En définitive, cette campagne de fouilles 2014, a permis de révéler un vaste complexe artisanal aux marges de la ville de Pompéi, se développant sur trois boutiques. Elle permettra de compléter les connaissances sur la production céramique à Pompéi au Ier siècle de notre ère.
Les travaux menés se déroulent en collaboration directe avec la Surintendance de Pompéi (3) et grâce à l'obtention d'une concession de fouilles accordée par le Ministero per i Beni e le attività culturali. La fouille est financée par le Ministère des Affaires Étrangères et du Développement Industriel par l'intermédiaire du Centre Jean Bérard. Elle bénéficie, depuis 2014, d'un soutien financier de mécènes privés français (CMD² et Neptunia).
Notes:
Ces recherches ont aussi leur place dans l'étude du secteur situé aux marges immédiates de la Porte d'Herculanum au sein du programme “Organisation, gestion et transformation d'une zone suburbaine: le secteur de la Porte d'Herculanum à Pompéi, entre espace funéraire et espace commercial”, dirigé par Laëtitia Cavassa, Nicolas Laubry (Centre de recherche en histoire européenne comparée, Université Paris-Est Créteil) et Nicolas Monteix (Groupe de Recherche d'Histoire, Université de Rouen) dans le cadre du contrat quinquennal de l'École française de Rome.

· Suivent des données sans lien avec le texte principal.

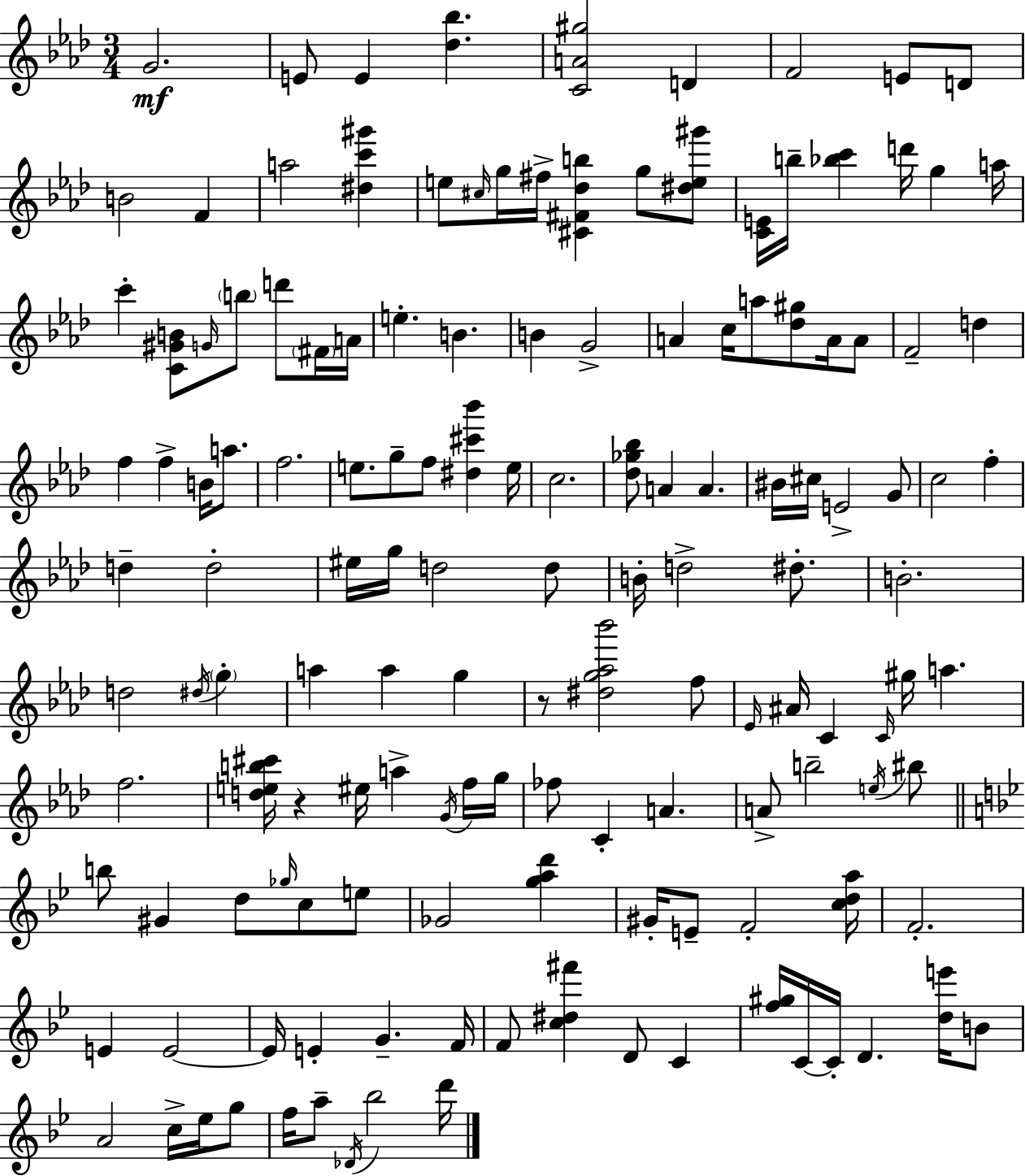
{
  \clef treble
  \numericTimeSignature
  \time 3/4
  \key aes \major
  g'2.\mf | e'8 e'4 <des'' bes''>4. | <c' a' gis''>2 d'4 | f'2 e'8 d'8 | \break b'2 f'4 | a''2 <dis'' c''' gis'''>4 | e''8 \grace { cis''16 } g''16 fis''16-> <cis' fis' des'' b''>4 g''8 <dis'' e'' gis'''>8 | <c' e'>16 b''16-- <bes'' c'''>4 d'''16 g''4 | \break a''16 c'''4-. <c' gis' b'>8 \grace { g'16 } \parenthesize b''8 d'''8 | \parenthesize fis'16 a'16 e''4.-. b'4. | b'4 g'2-> | a'4 c''16 a''8 <des'' gis''>8 a'16 | \break a'8 f'2-- d''4 | f''4 f''4-> b'16 a''8. | f''2. | e''8. g''8-- f''8 <dis'' cis''' bes'''>4 | \break e''16 c''2. | <des'' ges'' bes''>8 a'4 a'4. | bis'16 cis''16 e'2-> | g'8 c''2 f''4-. | \break d''4-- d''2-. | eis''16 g''16 d''2 | d''8 b'16-. d''2-> dis''8.-. | b'2.-. | \break d''2 \acciaccatura { dis''16 } \parenthesize g''4-. | a''4 a''4 g''4 | r8 <dis'' g'' aes'' bes'''>2 | f''8 \grace { ees'16 } ais'16 c'4 \grace { c'16 } gis''16 a''4. | \break f''2. | <d'' e'' b'' cis'''>16 r4 eis''16 a''4-> | \acciaccatura { g'16 } f''16 g''16 fes''8 c'4-. | a'4. a'8-> b''2-- | \break \acciaccatura { e''16 } bis''8 \bar "||" \break \key bes \major b''8 gis'4 d''8 \grace { ges''16 } c''8 e''8 | ges'2 <g'' a'' d'''>4 | gis'16-. e'8-- f'2-. | <c'' d'' a''>16 f'2.-. | \break e'4 e'2~~ | e'16 e'4-. g'4.-- | f'16 f'8 <c'' dis'' fis'''>4 d'8 c'4 | <f'' gis''>16 c'16~~ c'16-. d'4. <d'' e'''>16 b'8 | \break a'2 c''16-> ees''16 g''8 | f''16 a''8-- \acciaccatura { des'16 } bes''2 | d'''16 \bar "|."
}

(1) L'équipe de ces trois campagnes était composée de Guilhem Chapelin (architecte, Centre Jean Bérard, CNRS/EFR, USR 3133), Leo Cagnard (doctorant, Archéologie des sociétés méditerranéennes,UMR 5140, CNRS / Université Montpellier 3 / MCC), Domenico Cirillo (étudiant à l'Université Suor Orsola Benincasa, Naples), Jacques-Adrien Delorme (étudiant à l'Ecole d'Architecture Paris - La Villette), Saverio de Rosa (numismate), Giovanni Festa, Aline Lacombe (céramologue, Direction Archéologie Ville d'Aix-en-Provence-Chercheur associé auCentre Camille Jullian, UMR 7299, CNRS / Aix-Marseille Université), Nicolas Leys (étudiant, Université de Paris IV-Sorbonne), Nicola Meluziis (archéologue), John-Marc Piffeteau (EPHE), Carla Rosa (étudiante à l'Université de Salerne-Fisciano).
(2) Fiorelli, PAH II, 1863, p. 361.
(3) Nous remercions le Surintendant Prof. Massimo Osanna et la dott.ssa Grete Stefani de nous avoir autorisés à fouiller, le dott. Fabio Galeandro, archéologue de nous avoir permis de travailler dans les meilleures conditions, ainsi que l'assistant Vincenzo Sabini.